And as he watched, all his past life rose up before him, ever since he served out medicines fifteen years ago;—his wild aspirations, heavy labours, struggles, plans, brief triumphs, long disappointments: and here was what it had all come to,—a failure,—a miserable, shameful failure! Not that he thought of it with repentance, with a single wish that he had done otherwise: but only with disappointed rage. “Yes!” he said bitterly to himself—
“’We poets in our youth begin
in gladness,
But after come despondency and madness.’
This is the way of the world with all who have nobler feelings in them than will fit into its cold rules. Curse the world! what on earth had I to do with mixing myself up in it, and marrying a fine lady?
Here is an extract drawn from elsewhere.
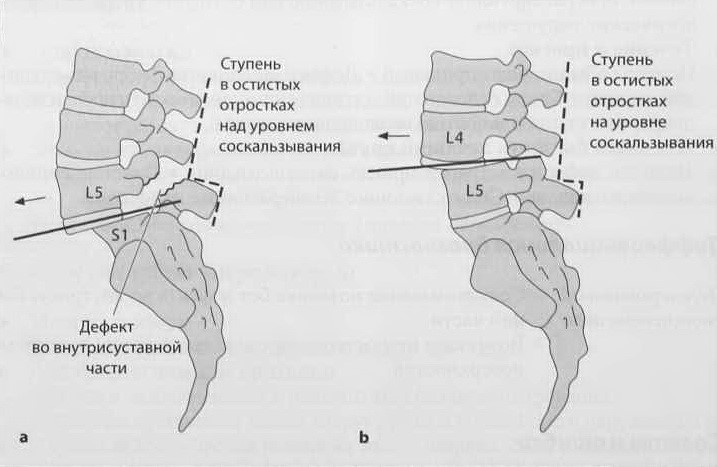 Снимки МРТ и КТ. Спондилез/ спондилолистез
Fool that I was! I might have known from the first that she could not understand me; that she would go back to her own! Let her go! I will forget her, and the world, and everything—and I know how!”
And springing up, he walked across to the druggist’s shop.
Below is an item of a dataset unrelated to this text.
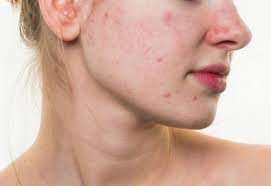 35 yaş sonrası yaranan üzdəki qırışları və məsamələr üçün effektiv vasitə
Years before, Elsley had tried opium, and found, unhappily for him, that it fed his fancy without inflicting those tortures of indigestion which keep many, happily for them, from its magic snare. He had tried it more than once of late: but Lucia had had a hint of the fact from Thurnall; and in just terror had exacted from him a solemn promise never to touch opium again. Elsley was a man of honour, and the promise had been kept. But now—“I promised her, and therefore I will break my promise! She has broken hers, and I am free!”
And he went in and bought his opium. He took a little on the spot to allay the cravings of hunger. He reserved a full dose for the railway-carriage. It would bridge over the weary gulf of time which lay between him and town.
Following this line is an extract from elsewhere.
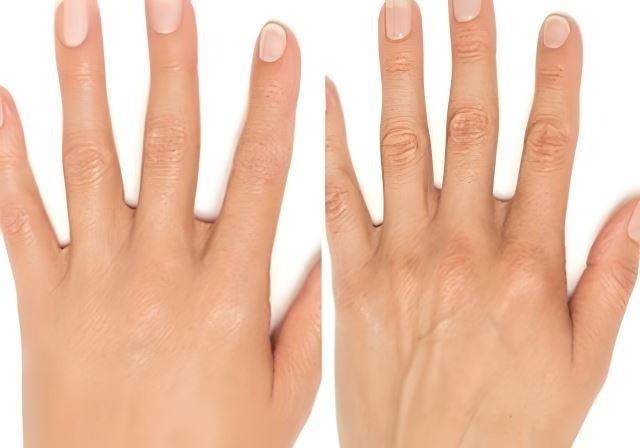 تزریق ژل دست در اصفهان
He took his second-class place at last; not without stares and whispers from those round at the wild figure which was starting for London, without bag or baggage. But as the clerks agreed, “If he was running away from his creditors, it was a shame to stop him. If he was running from the police, they would have the more sport the longer the run. At least it was no business of theirs.”
There was one thing more to do, and he did it. He wrote to Campbell a short note.
“If, as I suppose, you expect from me ‘the satisfaction of a gentleman,’ you will find me at ... Adelphi. I am not escaping from you but from the whole world. If, by shooting me you can quicken my escape, you will do me the first and last favour which I am likely to ask from you.”